Tag Archives: Lars Netopil

Leica’s Continuing Appeal

Lars Netopil is vice president of the Leica Historical Society and the owner of the Leica Store Wetzlar Old-town). He is also an advisor for Leica Camera AG’s Historical Archive and Museum Department. The following is his take on the continued popularity of the Leica M line and the difference between a digital and film Leica:

Q: 60 Years of M-System – a history of highs and lows, but more than anything a history of a continuity, compatibility and charisma that is unprecedented in the camera industry. And that applies to both analogue and digital. With the M Edition 60, Leica have now released a digital model that seems the very embodiment of the M concept. How would you as a historian describe the secret behind the sheer timelessness of the rangefinder concept?

A: There have been, and still are, a number of great camera systems. However, the Leica, and in particular the Leica M, are in a different league: socially, emotionally and in terms of prestige. David Douglas Duncan voiced this when I spoke to him just recently. At an age of nearly 99, he looks back over 60 years of the M as an experienced photographer. You have already named one important factor – the system’s uncompromising compatibility. An M3from 1954 can still receive the full Leica service, and can be used with all contemporary M lenses without restrictions. This is globally unique in several ways. If you consider every M lens produced over the past sixty years to always have been the best in the world, this compatibility is certainly far from insignificant. Along with all of its technological merits, the prestige, according to Duncan, certainly also plays a part in the secret. To draw a parallel to the automobile market: A customer who buys a Ferrari, even just for the purpose of driving through Frankfurt, still has the winner’s podium of Formula One somewhere in his mind. Also, the Leica always was and still is a fashion item. This is something we currently notice most strongly with our customers in China. There, you “wear” a Leica – regardless of whether each and every customer necessarily utilises the true image capabilities of the lenses, or not. There is another factor I would like to address, and that’s the system’s permanence. A photographer who buys an analogue M does so for a lifetime. The same goes for M lenses.

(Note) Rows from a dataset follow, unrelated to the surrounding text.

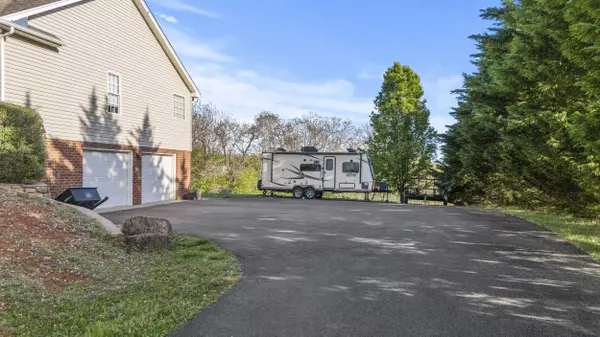 3676 Horseshoe Bend RD, Goodview, VA 24095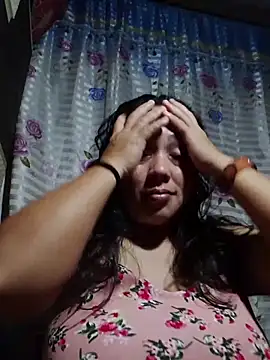 May Bombs online show from 26, 2, 2026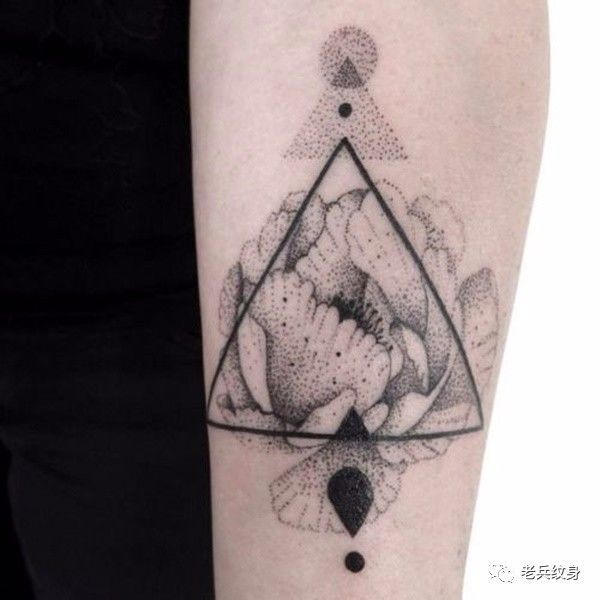 点刺风格花朵--点刺风格月球--点刺 几何的小考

It is very interesting to see the Leica M Edition 60. In essence, it is a digital M7 that has been stripped back to ISO control, TTL exposure meter and optional aperture priority mode. For the purpose of pure, truly concentrated photography it is probably the most attractive digital camera currently on the market. But it is digital nevertheless, meaning: an electronic product in the widest sense, whose validity is subject to a finite time period. To use an analogy: The tires on your car will one day have to be discarded, regardless of their superior quality, and even regardless of whether you wore them out on the road or kept them in perfect condition on your cherished collector’s car – even then, they will crack with the strain of time at some point. In the same vein, no matter how high-end the digital M’s opto-mechanical rangefinder may be, the rest of the camera is more or less a computer. This is why Leica made an excellent decision in creating the Leica M-A, illustrating a very clear commitment to analogue photography. In sixty years time, a contemporary M-A will still work just as remarkably as an M3 from 1954 does today. And the same goes for the M lenses, some of which will be 120 years old by then.